Distribution of Subcutaneous Fat Predicts Insulin Action in Obesity in Sex‐specific Manner

Abstract
The pattern of adipose tissue (AT) distribution is an important predictor of metabolic risk. The aim of this study was to analyze the association of peripheral (insulin‐mediated glucose disposal—M) and hepatic (suppression of endogenous glucose production—EGP) insulin action with abdominal (subcutaneous abdominal AT—SAAT, intraabdominal AT—IAAT) and thigh AT depots in obese individuals. Fifty‐seven Pima Indians with normal glucose tolerance underwent magnetic resonance imaging (MRI) and euglycemic‐hyperinsulinemic clamp.
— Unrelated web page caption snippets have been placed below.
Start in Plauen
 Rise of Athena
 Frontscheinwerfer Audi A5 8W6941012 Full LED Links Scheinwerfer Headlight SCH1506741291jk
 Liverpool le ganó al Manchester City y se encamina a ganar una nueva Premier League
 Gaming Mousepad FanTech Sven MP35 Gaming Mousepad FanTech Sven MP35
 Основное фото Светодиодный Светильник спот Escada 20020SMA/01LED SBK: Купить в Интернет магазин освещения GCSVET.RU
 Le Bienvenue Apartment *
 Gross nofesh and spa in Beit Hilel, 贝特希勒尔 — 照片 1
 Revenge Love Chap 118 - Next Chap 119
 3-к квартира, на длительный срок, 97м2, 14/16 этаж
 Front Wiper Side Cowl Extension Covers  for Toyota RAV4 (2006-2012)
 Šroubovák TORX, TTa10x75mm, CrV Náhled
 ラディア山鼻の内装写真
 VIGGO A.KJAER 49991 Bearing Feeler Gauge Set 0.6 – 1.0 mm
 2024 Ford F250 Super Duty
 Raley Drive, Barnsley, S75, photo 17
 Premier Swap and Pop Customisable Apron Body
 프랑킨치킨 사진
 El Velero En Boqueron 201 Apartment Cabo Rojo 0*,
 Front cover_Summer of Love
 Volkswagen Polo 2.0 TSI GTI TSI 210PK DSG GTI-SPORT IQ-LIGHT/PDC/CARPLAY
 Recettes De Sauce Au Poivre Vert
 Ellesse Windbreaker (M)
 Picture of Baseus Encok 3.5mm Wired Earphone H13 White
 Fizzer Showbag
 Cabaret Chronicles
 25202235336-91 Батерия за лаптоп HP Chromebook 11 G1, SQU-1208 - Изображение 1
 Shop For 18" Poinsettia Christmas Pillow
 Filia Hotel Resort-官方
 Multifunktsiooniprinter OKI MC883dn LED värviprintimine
M was negatively related to intraperitoneal IAAT (P = 0.02) and deep SAAT (P = 0.03). Suppression of EGP was negatively related to total (P < 0.05) or deep SAAT (P < 0.05 and P = 0.01, respectively), and total or intraperitoneal IAAT (P = 0.009 and P = 0.002, respectively). A significant interaction with sex was found in the association between superficial SAAT and M, so that in women, but not men, M negatively correlated with superficial SAAT (P = 0.02). In stepwise regression analysis, both M (r2 = 0.09) and EGP suppression (r2 = 0.17) were associated only with intraperitoneal IAAT in the whole group. In the sex‐specific analysis (because of the significant interaction), lower M was associated with higher deep SAAT (r2 = 0.15) in combination with lower superficial SAAT (r2 = 0.09) in men, and with higher superficial SAAT (r2 = 0.29) in combination with lower thigh subcutaneous AT (r2 = 0.16) in women. Although intraperitoneal IAAT and deep SAAT were major predictors of peripheral and hepatic insulin action in obese Pima Indians, the largest variance in M rate was explained in a sex‐specific manner by relative size of subcutaneous AT depots.